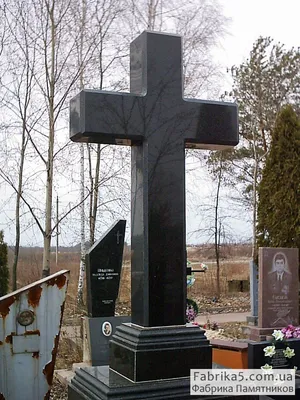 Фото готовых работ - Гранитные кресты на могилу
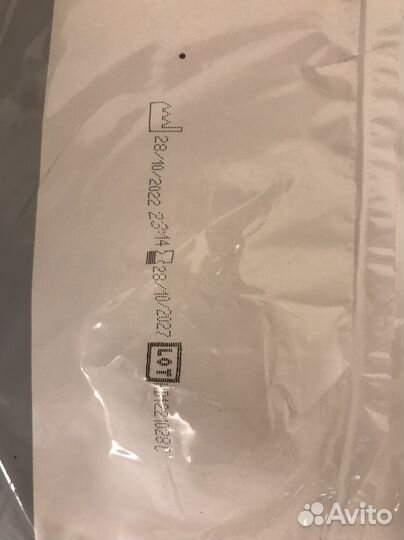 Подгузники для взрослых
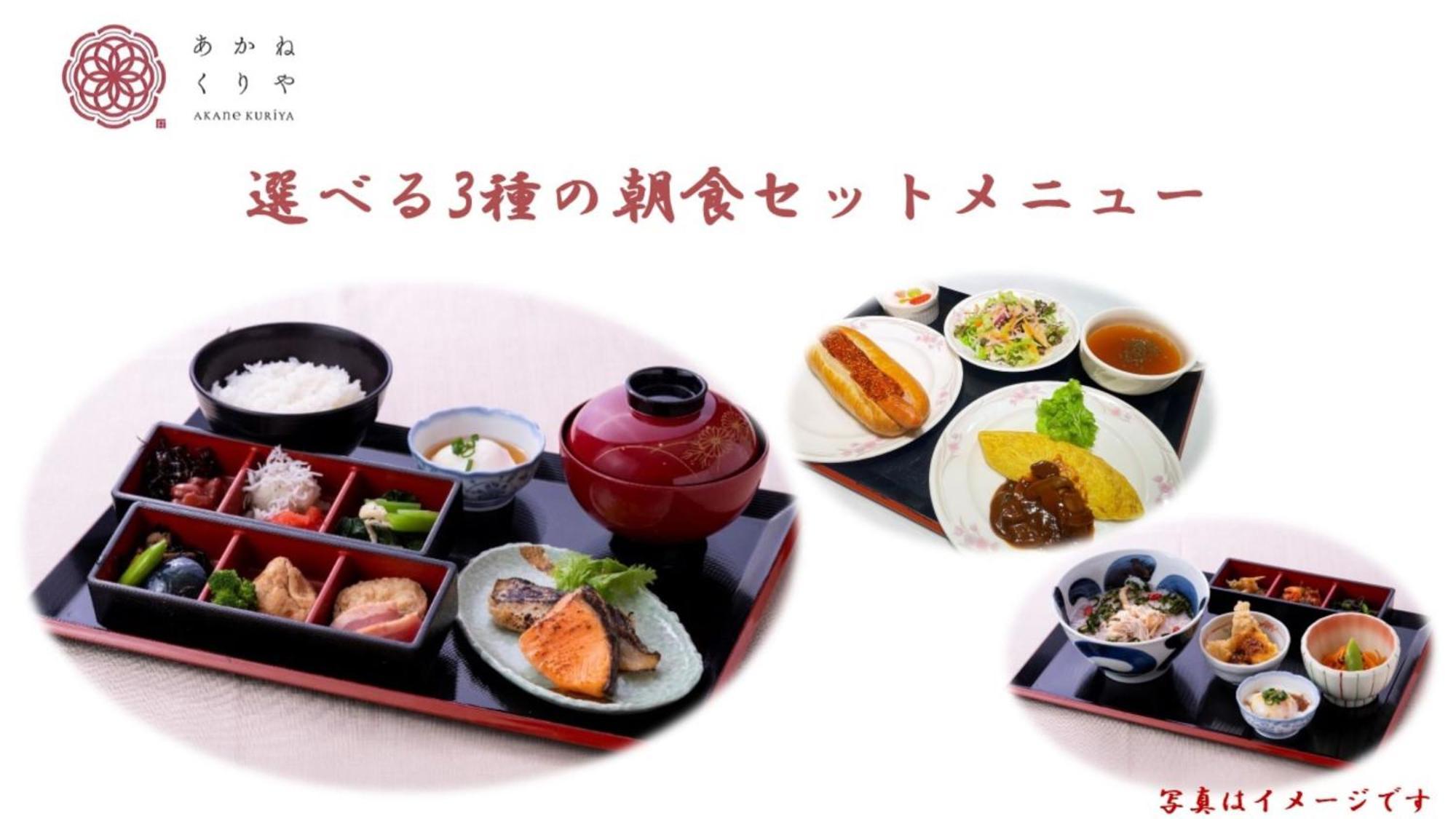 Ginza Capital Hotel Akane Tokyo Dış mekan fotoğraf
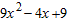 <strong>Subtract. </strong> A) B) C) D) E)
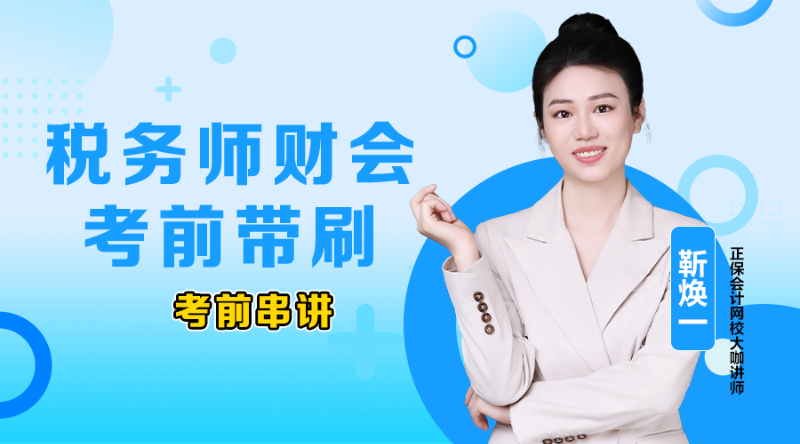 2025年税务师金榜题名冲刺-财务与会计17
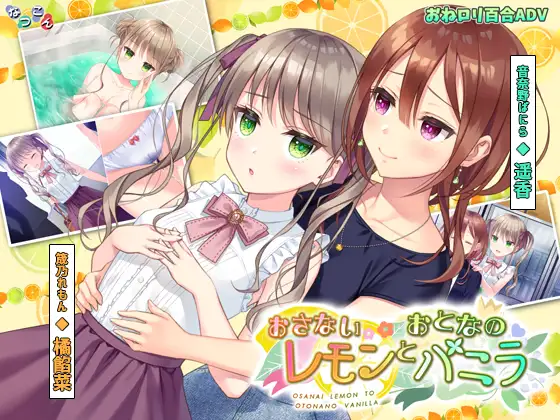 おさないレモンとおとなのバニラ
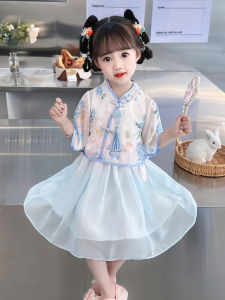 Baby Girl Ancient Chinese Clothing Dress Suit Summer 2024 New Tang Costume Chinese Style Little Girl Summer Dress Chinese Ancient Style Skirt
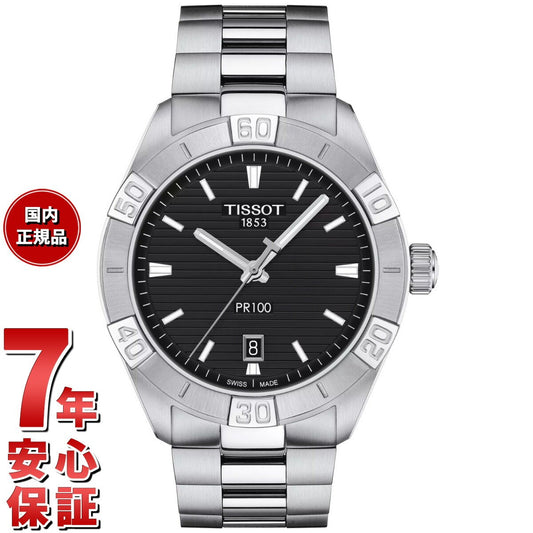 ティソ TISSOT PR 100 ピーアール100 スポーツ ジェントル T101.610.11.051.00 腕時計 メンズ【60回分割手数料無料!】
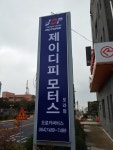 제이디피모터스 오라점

==*==

• [Problem details]:
From the line containing "Baby Girl Ancient" through the final line of the listing above, reproduce every line exactly, with no pictures.

• [Response box]:
 Baby Girl Ancient Chinese Clothing Dress Suit Summer 2024 New Tang Costume Chinese Style Little Girl Summer Dress Chinese Ancient Style Skirt
 ティソ TISSOT PR 100 ピーアール100 スポーツ ジェントル T101.610.11.051.00 腕時計 メンズ【60回分割手数料無料!】
 제이디피모터스 오라점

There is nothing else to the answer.